Lompat ke konten Lompat ke sidebar Lompat ke footer

Hukum Kurban Sapi Dengan Cara Urunan

 

Ketika blog walking dengan bantuan mbah Gugel, tiba-tiba browser saya tertancap pada satu blog yang membuat pandangan saya membaca larik demi larik kalimat di satu artikel dalam blog tersebut. Sebenarnya, sebelumnya, saya tidak berniat menulis artikel ini mengingat tugas-tugas di meja masih menanti. Dikarenakan bacaan tersebut, akhirnya saya pun buka-buka sedikit matan buku yang kebetulan saya punya. Ya, hati ini dibuat penasaran dengan statement sebagaimana yang tertera dalam judul artikel di atas. Apalagi bumbu-bumbu kalimat kurang enak dibaca lagi ‘tendensius’ ikut serta.

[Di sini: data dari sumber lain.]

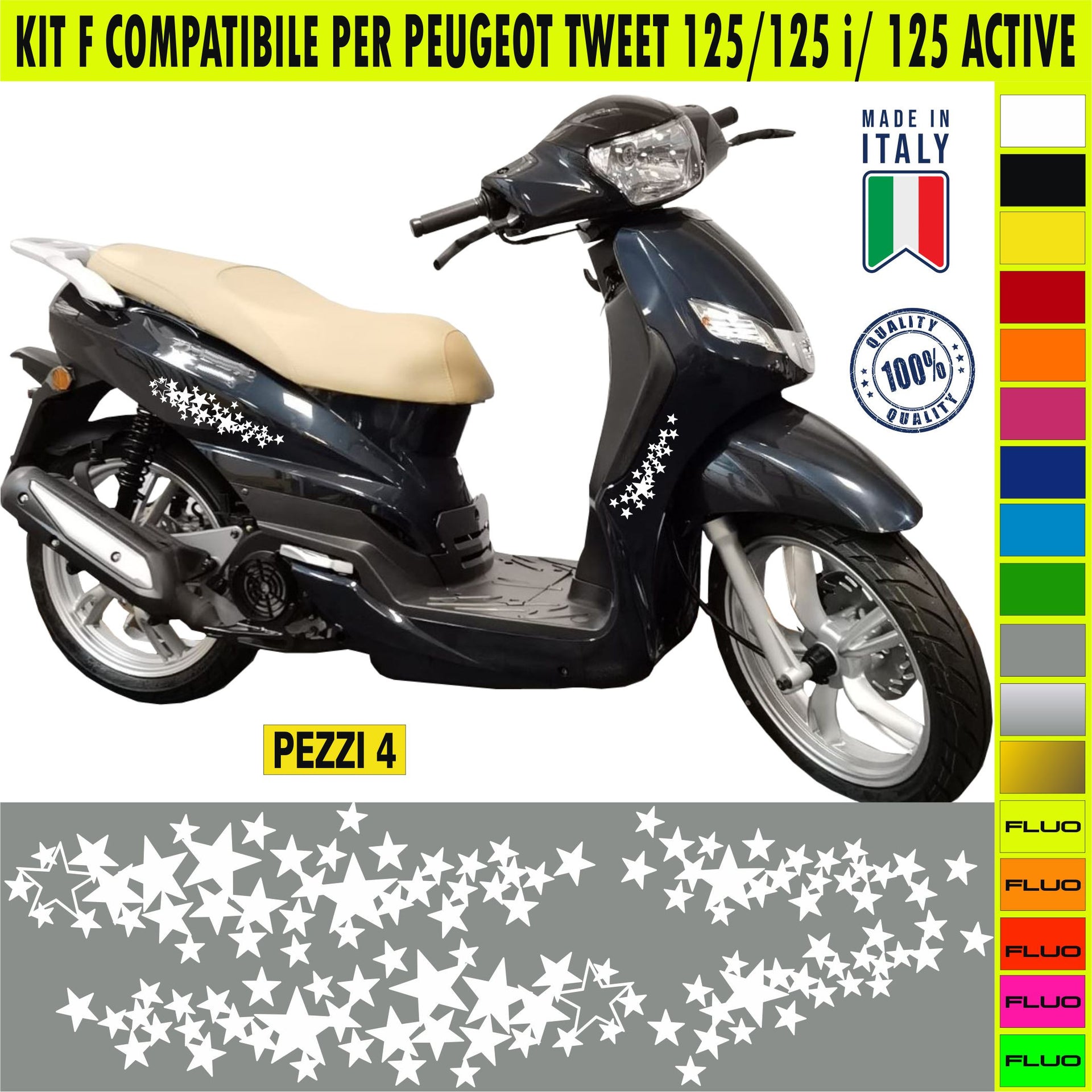 KIT F Adesivi STELLE STARS PEUGEOT TWEET Grafiche UNICHE compatibili per SCOOTER PEUGEOT TWEET 125 125i 125 active  Cod.2148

Kurang lebih, begini sebagian perkataan yang saya baca dalam blog tersebut:

Untuk sapi untuk tujuh orang tidak punya dalil yang sahih . Ada hadis tapi lemah sbb:

Ibnu Abbas ra berkata:

كُنَّا مَعَ رَسُولِ اللَّهِ صَلَّى اللَّه عَلَيْهِ وَسَلَّمَ فِي سَفَرٍ فَحَضَرَ الْأَضْحَى فَاشْتَرَكْنَا فِي الْبَقَرَةِ سَبْعَةً وَفِي الْبَعِيرِ عَشَرَةً

Kami bersama Rasulullah SAW dlm suatu perjalanan , lalu tibalah Idul adha, kami bergabung untuk tujuh orang dengan satu lembu dan sepuluh orang dengan satu onta

Tirmidzi menyatakan , hasan ghorib. Riwayatnya terdapat Al Fadhel bin Musa yang suka menyampaikan hadis nyeleneh dan Husain bin Waqid yang suka ngelantur . Korban urunan tidak ada tuntunannya.

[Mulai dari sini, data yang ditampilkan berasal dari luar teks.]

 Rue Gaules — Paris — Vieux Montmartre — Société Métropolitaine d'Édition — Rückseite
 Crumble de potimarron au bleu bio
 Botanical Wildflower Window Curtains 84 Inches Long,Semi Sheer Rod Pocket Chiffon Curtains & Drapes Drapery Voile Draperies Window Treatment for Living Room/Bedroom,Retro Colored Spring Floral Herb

(garis bawah adalah dari saya).

Nampaknya, al-ustadz yang terhormat mendla’ifkan hadits ini karena dua faktor perawi tersebut.

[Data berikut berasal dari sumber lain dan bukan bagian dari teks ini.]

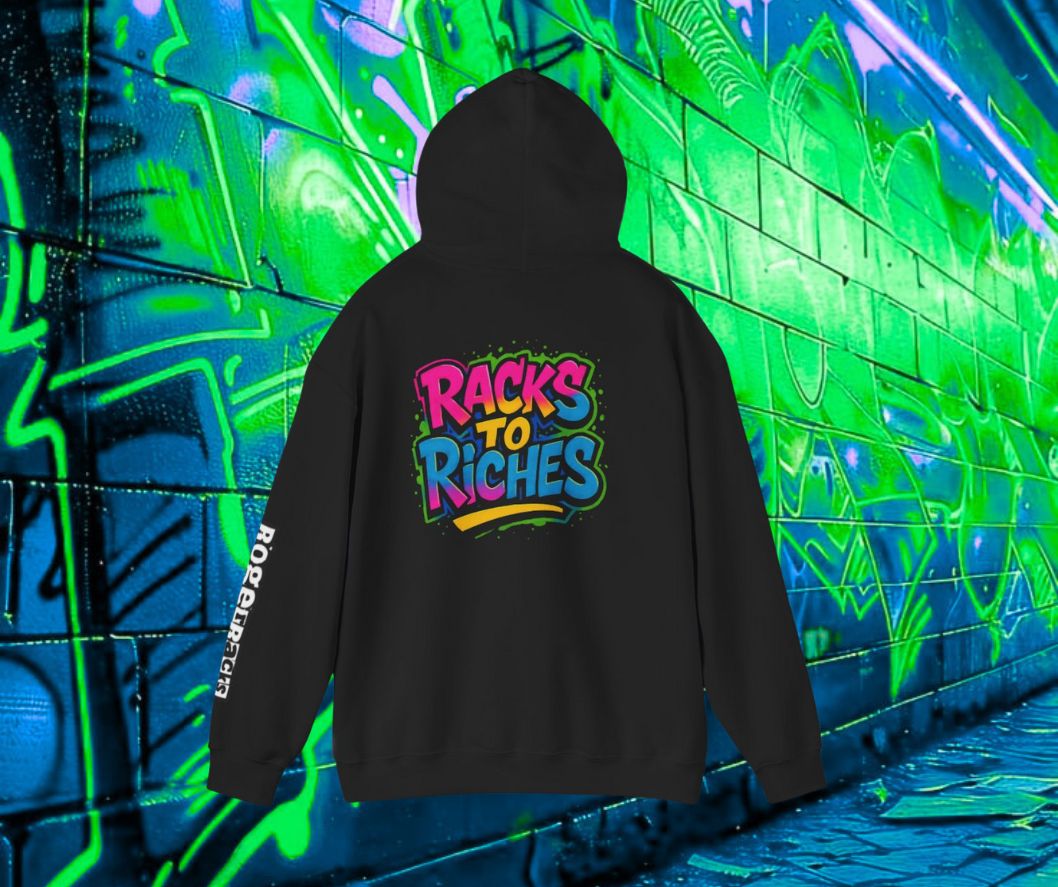 Official RogerRacks Bright Racks to Riches Hoodie Back print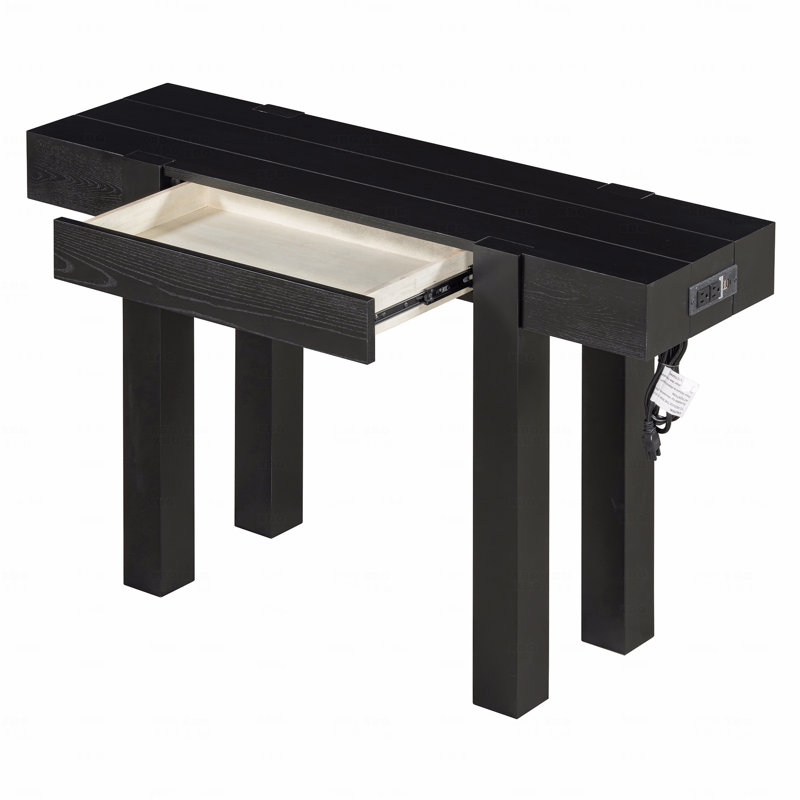 Console rustique minimaliste avec tiroir caché, prise de courant latérale, table d'entrée en bois pour les entrées, les salons et les bureaux à domicile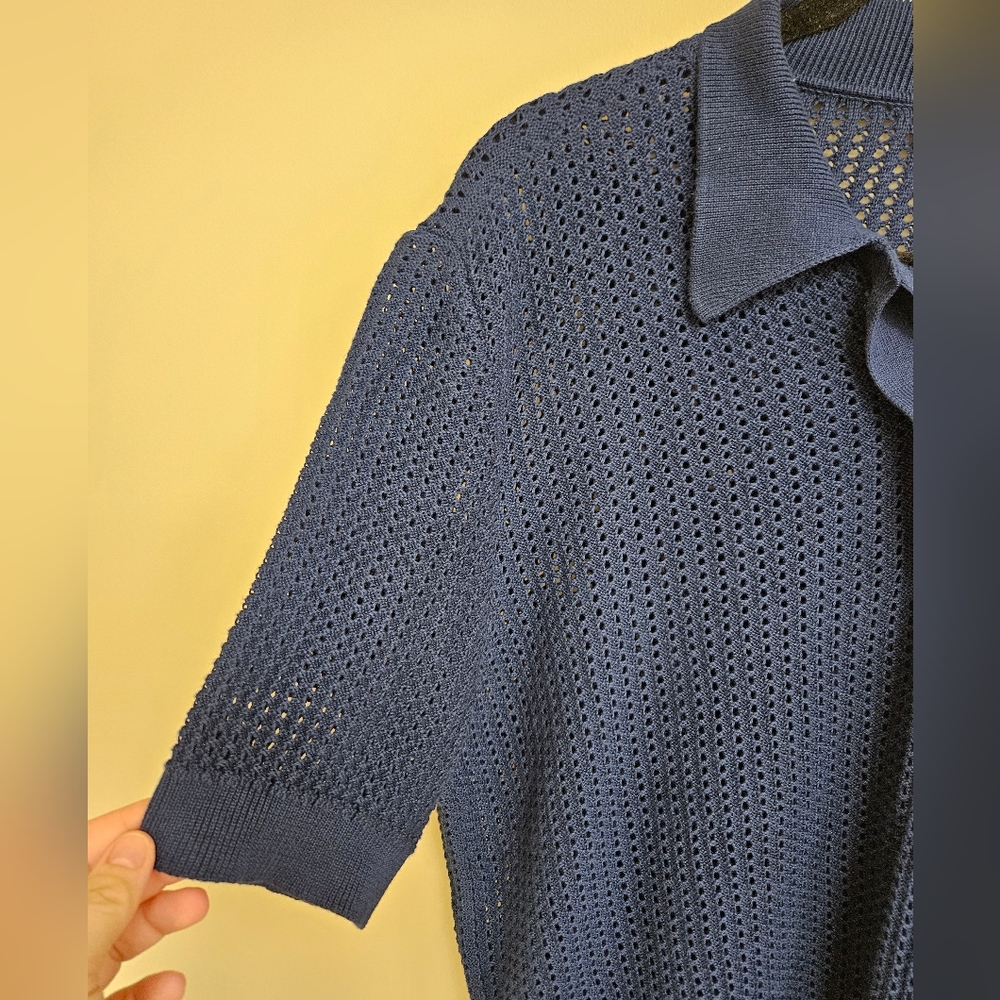 Clare V. Augustine Polo Size L Navy Blue Mesh Cotton Knit Top - Picture 8 of 12
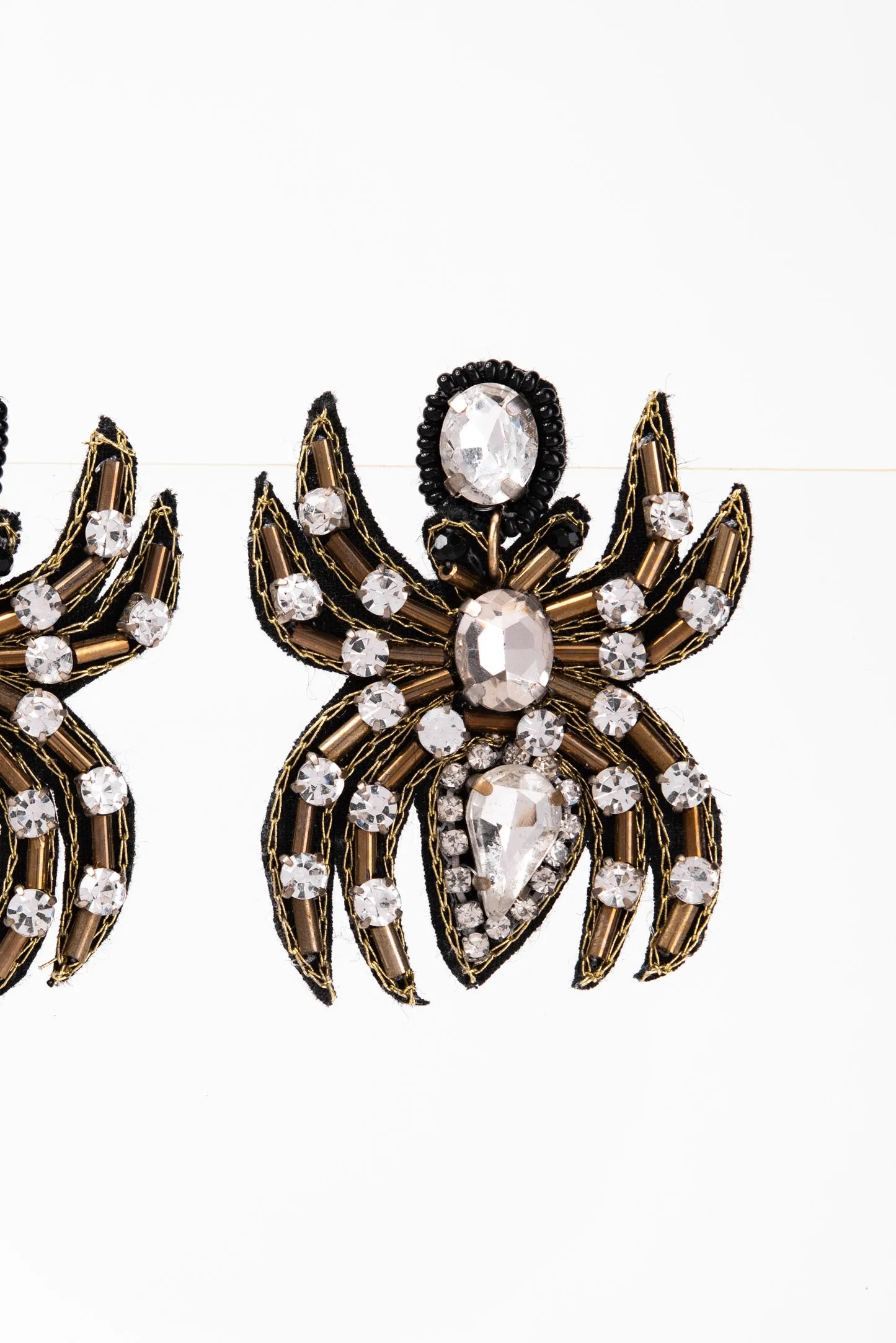 Casey Spider Beaded Stud Earrings - Black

Dengan mengharap taufiq dari Allah ta’ala, saya menuliskan:

Al-Imaam At-Tirmidziy rahimahullah berkata:

حدثنا الحسين بن حريث وغير واحد قالوا حدثنا الفضل بن موسى عن حسين بن واقد عن علباء بن احمر عن عكرمة عن بن عباس قال: كنا مع النبي صلى الله عليه وسلم في سفر فحضر الأضحى فاشتركنا في البقرة سبعة وفي الجزور عشرة قال أبو عيسى هذا حديث حسن غريب وهو حديث حسين بن واقد

Telah menceritakan kepada kami Al-Husain bin Huraits dan yang lainnya, mereka berkata: Telah menceritakan kepada kami Al-Fadhl bin Muusaa, dari Husain bin Waaqid, dari ‘Ilbaa’ bin Ahmar, dari ‘Ikrimah, dari Ibnu ‘Abbaas, ia berkata: "Kami pernah bersama Nabi shallallaahu ‘alaihi wa sallam dalam satu perjalanan. Tibalah hari ‘Iedul-Adhlaa. Lalu kami berserikat sebanyak tujuh orang untuk seekor sapi dan sepuluh orang untuk seekor onta".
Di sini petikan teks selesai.